EXERCISE OBJECTIVE. In the records below, find the line containing "Mizuno pantofi de" and repeat it and every line after it exactly, without pictures.

SUPPLIED INFORMATION.
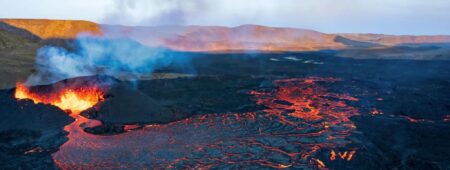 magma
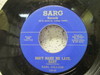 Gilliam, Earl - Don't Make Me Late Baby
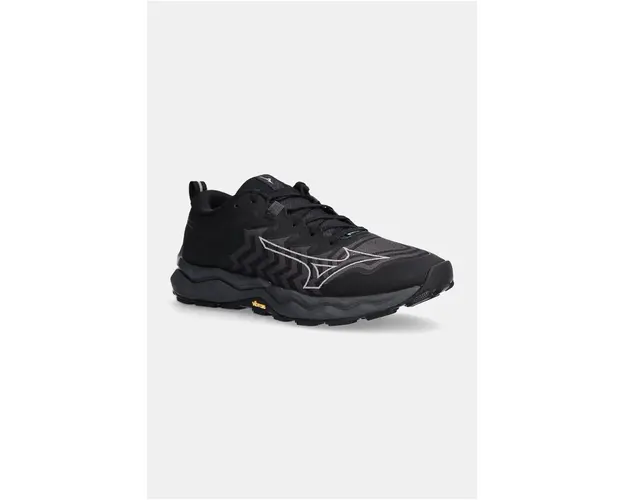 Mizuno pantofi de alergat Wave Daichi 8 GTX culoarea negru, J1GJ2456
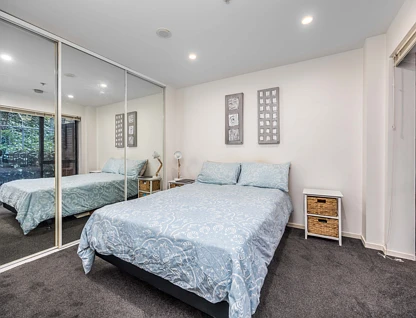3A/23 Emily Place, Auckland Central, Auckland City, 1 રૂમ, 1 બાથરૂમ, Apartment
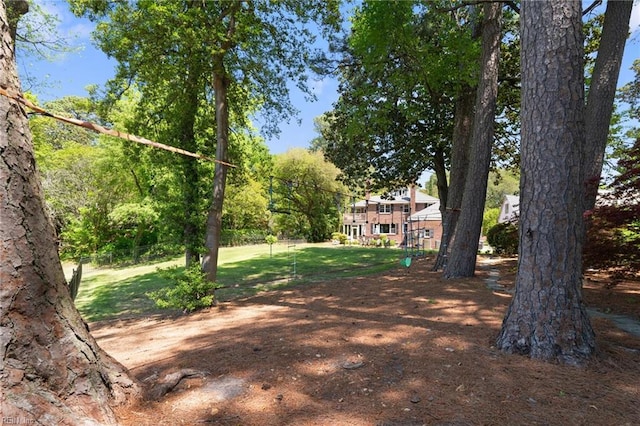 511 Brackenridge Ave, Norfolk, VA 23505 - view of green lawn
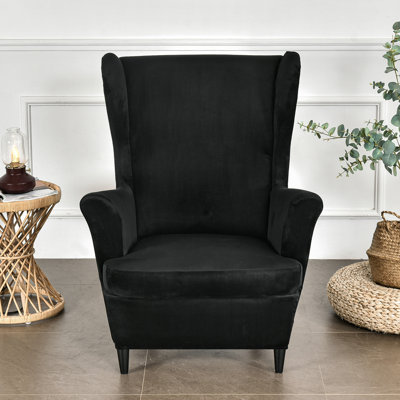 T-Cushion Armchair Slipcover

FINISHED TASK.
 Mizuno pantofi de alergat Wave Daichi 8 GTX culoarea negru, J1GJ2456
3A/23 Emily Place, Auckland Central, Auckland City, 1 રૂમ, 1 બાથરૂમ, Apartment
 511 Brackenridge Ave, Norfolk, VA 23505 - view of green lawn
 T-Cushion Armchair Slipcover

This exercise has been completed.